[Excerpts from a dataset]

###

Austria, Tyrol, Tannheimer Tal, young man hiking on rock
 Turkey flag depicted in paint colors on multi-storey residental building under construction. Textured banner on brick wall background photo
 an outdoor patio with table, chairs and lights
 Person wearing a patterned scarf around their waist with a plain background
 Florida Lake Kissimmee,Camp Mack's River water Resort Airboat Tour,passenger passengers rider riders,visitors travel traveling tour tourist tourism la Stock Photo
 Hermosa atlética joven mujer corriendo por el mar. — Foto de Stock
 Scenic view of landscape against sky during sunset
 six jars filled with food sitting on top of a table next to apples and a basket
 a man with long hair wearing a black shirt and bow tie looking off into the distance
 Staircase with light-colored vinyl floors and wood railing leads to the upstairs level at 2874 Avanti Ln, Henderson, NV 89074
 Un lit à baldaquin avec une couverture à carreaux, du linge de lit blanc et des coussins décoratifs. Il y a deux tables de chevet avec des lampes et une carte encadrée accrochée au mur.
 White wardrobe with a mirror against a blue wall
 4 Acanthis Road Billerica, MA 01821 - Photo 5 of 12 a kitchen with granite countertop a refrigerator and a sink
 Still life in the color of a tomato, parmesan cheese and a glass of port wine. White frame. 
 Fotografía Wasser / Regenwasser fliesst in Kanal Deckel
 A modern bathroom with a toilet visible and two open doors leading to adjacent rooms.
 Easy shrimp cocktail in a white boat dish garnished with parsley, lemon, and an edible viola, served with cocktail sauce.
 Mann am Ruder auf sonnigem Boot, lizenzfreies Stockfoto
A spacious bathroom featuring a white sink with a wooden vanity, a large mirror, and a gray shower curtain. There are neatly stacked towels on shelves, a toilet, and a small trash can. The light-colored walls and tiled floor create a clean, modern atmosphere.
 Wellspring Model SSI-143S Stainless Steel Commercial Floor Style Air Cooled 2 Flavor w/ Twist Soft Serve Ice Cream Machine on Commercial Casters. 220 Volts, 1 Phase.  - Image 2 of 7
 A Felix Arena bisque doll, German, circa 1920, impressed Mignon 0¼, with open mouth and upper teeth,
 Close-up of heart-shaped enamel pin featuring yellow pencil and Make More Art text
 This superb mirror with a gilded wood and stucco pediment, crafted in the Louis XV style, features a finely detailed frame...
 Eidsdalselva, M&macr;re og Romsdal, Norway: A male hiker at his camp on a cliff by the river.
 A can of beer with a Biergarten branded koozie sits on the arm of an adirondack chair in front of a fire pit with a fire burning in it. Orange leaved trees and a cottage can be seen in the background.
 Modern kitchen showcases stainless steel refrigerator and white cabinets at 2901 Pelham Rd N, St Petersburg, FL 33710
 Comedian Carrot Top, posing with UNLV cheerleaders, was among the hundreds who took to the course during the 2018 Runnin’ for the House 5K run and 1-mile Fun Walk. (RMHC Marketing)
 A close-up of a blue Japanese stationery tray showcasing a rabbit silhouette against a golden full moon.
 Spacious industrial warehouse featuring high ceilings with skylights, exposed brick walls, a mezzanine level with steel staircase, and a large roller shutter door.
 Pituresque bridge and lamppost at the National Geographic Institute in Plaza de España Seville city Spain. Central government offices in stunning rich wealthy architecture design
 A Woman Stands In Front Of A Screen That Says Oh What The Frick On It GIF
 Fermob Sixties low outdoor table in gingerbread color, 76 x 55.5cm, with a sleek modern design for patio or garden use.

###

Work order:
Only the lines above starting at the one containing "Scenic view of" and ending at the one containing "Mann am Ruder", both included, are to be returned, exactly as they read.

Answer to the problem:
 Scenic view of landscape against sky during sunset
 six jars filled with food sitting on top of a table next to apples and a basket
 a man with long hair wearing a black shirt and bow tie looking off into the distance
 Staircase with light-colored vinyl floors and wood railing leads to the upstairs level at 2874 Avanti Ln, Henderson, NV 89074
 Un lit à baldaquin avec une couverture à carreaux, du linge de lit blanc et des coussins décoratifs. Il y a deux tables de chevet avec des lampes et une carte encadrée accrochée au mur.
 White wardrobe with a mirror against a blue wall
 4 Acanthis Road Billerica, MA 01821 - Photo 5 of 12 a kitchen with granite countertop a refrigerator and a sink
 Still life in the color of a tomato, parmesan cheese and a glass of port wine. White frame. 
 Fotografía Wasser / Regenwasser fliesst in Kanal Deckel
 A modern bathroom with a toilet visible and two open doors leading to adjacent rooms.
 Easy shrimp cocktail in a white boat dish garnished with parsley, lemon, and an edible viola, served with cocktail sauce.
 Mann am Ruder auf sonnigem Boot, lizenzfreies Stockfoto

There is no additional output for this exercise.